Short-term representational strength is lacking in the baseline models. Figure 7 shows that the models can pick up certain aspects of the long-term structure. Although the dataset’s characteristics have been normalized, the internal structure of the dataset poses a complex modeling challenge for the baseline models. Because of the sudden jumps it contains, the basic models fail to simulate temporal representation. The result is that the look-ahead output is skewed and vulnerable to temporal drift. Shifts were always present in the forecasts, despite the ELM and LSTM models in Fig. 7 being able to detect the noise. However, alternative algorithms produce forecasts with a smoother transition while not capturing noisy data. This guarantees that the models produce results that are accurate. When looking at Fig. 7e, it is clear that the TFT’s predicted and actual nitrate level values overlap and that there is no excess in the deviations or variances between them. Given the near values of the data and the similarity of the directional breaks, it is clear why the graph is successful.
The results of the various temporal test data sets of the proposed model are shown in Fig. 8, and it is clear that even though it does not exactly match the data, the model enables the noise to be estimated with a smooth transition. The model is quite good at forecasting long-term predictions, but due to the enormous noise in short-term projections, it cannot capture such predictions accurately. However, the short-term model can sufficiently describe the pattern.
The computational performance of the models can be examined through the models’ parameter sizes or the total time spent on the training phase [14]. In terms of both model parameter size and total training time (Table 6), the suggested TFT model is higher to the basic models. The Encoder–Decoder layers operate with much fewer parameters while providing the model with improved learning capacity. The proposed model needs more epochs to train properly and requires more time in total. Prediction timeframes are the longest of all methodologies yet provide for sufficient time to run in production settings. The proposed TFT model outperforms existing algorithms in real-world settings in terms of performance needs.
Table 6
Computational complexity of models
Method
Param. size
Training time (s)
Prediction time (s)
Proposed TFT model
31.9k
12828.23
11.97
Attention LSTM
34.2k
147.65
0.40
Encoder–decoder LSTM
4.5k
102.73
0.24
LSTM
31k
215.05
0.38
ELM
0.05
0.05

5 Conclusions

Soil usage in agriculture poses a great limitation in matching the increasing demand for food. The soilless farming proposed by aquaponics creates an ecosystem where the only input is fish food and fertilizers are moved out of the system. Autonomous handling of aquaponics with less human intervention provides increased efficiency for higher throughput and fewer maintenance costs.
The baseline solutions for simulating aquaponics environments include LSTM, Encoder–Decoder architectures and Attention-based methods.
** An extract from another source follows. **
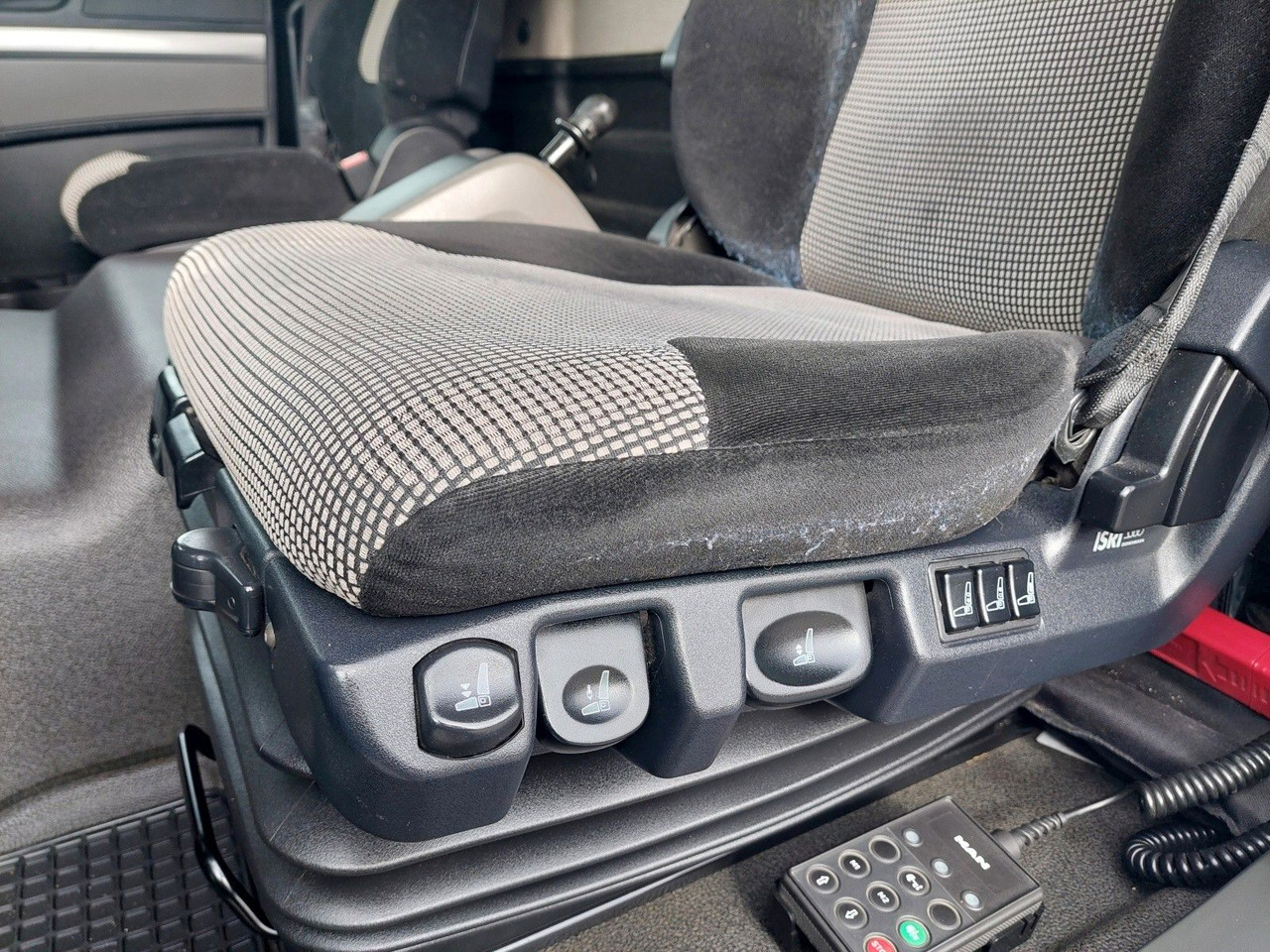 Plachtový nákladní auto MAN TGL 12.250 BL 4x2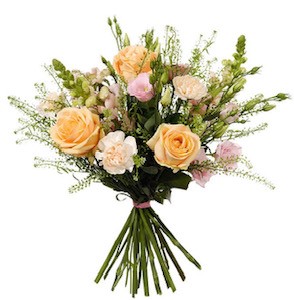 Bukett med rosor, prärieklocka, lejongap och grön. Milda, ljusa färger. Blommorna finns att beställa hos Interflora.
As shown in Table 5, the proposed model provided 0.0322 MSE value for predicting the nitrate level. Also, different metrics such as RMSE, MAE, and explained variance scores per method are shown in Table 4. The TFT has a more intricate architecture and better learning capabilities than other baseline deep learning algorithms. In addition, the TFT is capable of taking into account a variety of factors in datasets, including static input, known input, and observed input. In contrast, traditional deep learning architectures may overemphasize factors that are irrelevant to the target variable.
TFT proposes several improvements over these baseline methods by combining the Encoder–Decoder LSTMs, which model short-term relations with good accuracy, with the feature weighting mechanism of attention matrices to capture long-term relations. Transformer, a recently created encoder–decoder model based on the attention mechanism, accurately calculates sequences without the use of any repeating neural networks. As a result, fewer parameters are needed to produce significantly better results. The architecture also improves the predictive performance of multi-variate forecasting due to the masked multi-head attention method used in the attentive layer. Thus, a transformer-based Deep Learning solution to forecast nitrate levels using multiple input-features in an aquaponics environment is utilized.
The predictive performance of the proposed method shows clear improvements over baseline models in terms of metrics MAE, MSE and Explained Variance when considering all sequences. The problem is impractical for sequences longer than an hour due to the memory space needed to process the attention matrix. Thus, rendering the simulation infeasible with limited computational resources. Besides, multi-step forecasting performance for longer sequences deteriorates after a certain sequence length. The proposed method offers increased sequence modeling capacity, enabling longer sequences to be represented. The employment of auto-regressive models along with TFT would mean even better sequence handling. Also, the Memory Transformers can be employed in multi-head attention architectures to lower the memory requirement of the general approach. To further capture noisy data in short-time predictions as in the LSTM model, new LSTM or RNN layers might be added to the proposed model. Short-time noise data are believed to be properly learned in this manner.
The proposed solution improves the overall viewpoint of aquaponics handling with better simulation performance. Obtained results can be used to handle anomalies in the ecosystem, such as fish diseases, pump failures, or bacterial problems. The employment of real-life applications along with the simulation can increase the effectiveness of the aquaponics architecture. Furthermore, the improvements obtained will bring us closer to the reality of the unmanned agriculture of aquaponics.

Declarations

Conflict of interest

The authors declare no conflict of interest.

Ethical Approval

Not applicable.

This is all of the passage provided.